#### Try it:
Restate only the tail of the data below, starting at the line that contains "Tata Hexa 2.2 Xt 2017" and including the last line, word for word.

%%

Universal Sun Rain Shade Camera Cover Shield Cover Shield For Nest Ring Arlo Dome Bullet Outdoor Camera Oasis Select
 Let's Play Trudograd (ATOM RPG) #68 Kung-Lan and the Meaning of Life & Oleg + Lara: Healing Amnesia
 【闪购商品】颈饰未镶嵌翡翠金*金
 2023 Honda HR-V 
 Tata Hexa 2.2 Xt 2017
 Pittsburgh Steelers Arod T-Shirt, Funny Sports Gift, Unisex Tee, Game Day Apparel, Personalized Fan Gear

%%

#### Completed exercise:
 Tata Hexa 2.2 Xt 2017
 Pittsburgh Steelers Arod T-Shirt, Funny Sports Gift, Unisex Tee, Game Day Apparel, Personalized Fan Gear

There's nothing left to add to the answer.